Soon after I heard a heron hunting over the river. That sound reached my ear and made me aware of Spring. Just that. The heron’s call made me think of the trees outside my window dressed in all their finery after the bare winter. I thought of kayaking the (admittedly very dirty) river and how fun it was last year. I think I’ll help with the river cleanup later this month.

And who else might be hearing the heron and remembering last summer as they lay in their bed half-asleep?

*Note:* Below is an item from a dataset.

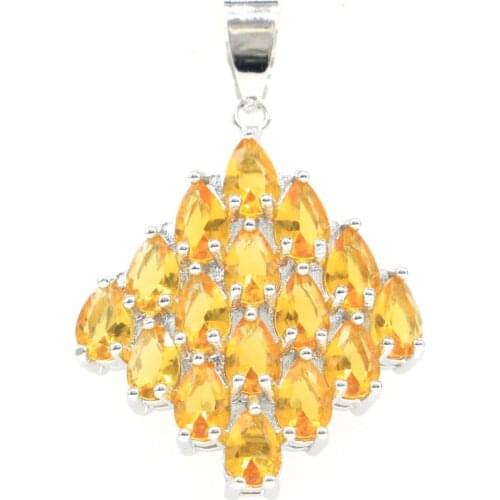 38x25mm Deluxe Created Green Amethyst Golden Citrine For Women Silver Pendant Eye Catching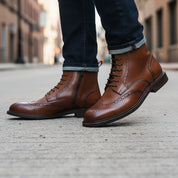 model-walking-street - Men's Cow Leather Wingtip Boots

I’m so grateful that even though I live on a traffic-filled street, my little apartment looks out over the river. I have such interesting neighbors. Today, two weeks later, there were cardinals, grackels, geese, and all kinds of different birds singing outside. I listened to them as I got ready for work, and dug around for my Birds of North America.

It’s Spring!

Cliché Romance & Exorcism

As a writer, I have fought long and hard to remove cliche’d words and phrases from my writing. It’s an uphill battle, as you will see if you ever take up the challenge. One of my first writing teachers handed out a mimeographed, crooked old piece of paper with a list of a daunting number of phrases and word combinations considered cliché. Besides the tried and true, old stand-bys, the subtler examples (rock hard, steely-eyed, slippery slope) showed me how such ready-made phraseology is a hallmark of lazy thinking.

Writing is hard. There are so many cheats and short cuts, but they all add up to hackneyed writing. Readers can tell. Readers eyes glaze over, and that response is never the reader’s fault.

Today I found these in an essay draft:

silver lining

grass is greener

expand my horizons

pretty theory

time-honored

and the ones included in this blog post I have purposely left in to show you the depths of my cliché problem.

Fearing that perhaps my thinking is hackeyed, I cut most of them. But I confess I love clichés. They are slightly ridiculous and strangely apt. Today I told a friend, “You made your bed, now lie in it.” We both laughed, as it was literally relevant to her situation. This somehow elevated the usage to the meta-comical, provoking a self-satisfied giddiness, like any well-placed pun or other low-brow verbal effect. Sure, I’m a word nerd.

The sociological interest, however, goes deeper. I’m fascinated by these turns of phrase, and what they may reveal about our culture and way of thinking, making connections, and categorizing.

I often deconstruct common concepts in my writing. The cliché is similar to stereotype in that it exists as a kind of shorthand. There is a kernel of truth to it. It’s a good jumping-off place. It takes on the air of symbol, that we know at a glance, and ignore, but that which can show us the contours of our beliefs, our interests and motivations.

Cliché is like found meaning. It has existed in culture long enough to be understood implicitly. It’s part of the human condition. The human condition—another curious concept that is more like a rhetorical tag than a defined thing.

Knowing that clichés help us work as little as possible to understand each other, I suppose that’s why they exist. But taking all the little events, how do they add up to a life? How do our words add up to meaning, or alter it, as a pebble plunked into a pond? How do they affect us? and how can we make our expression of ourselves more original?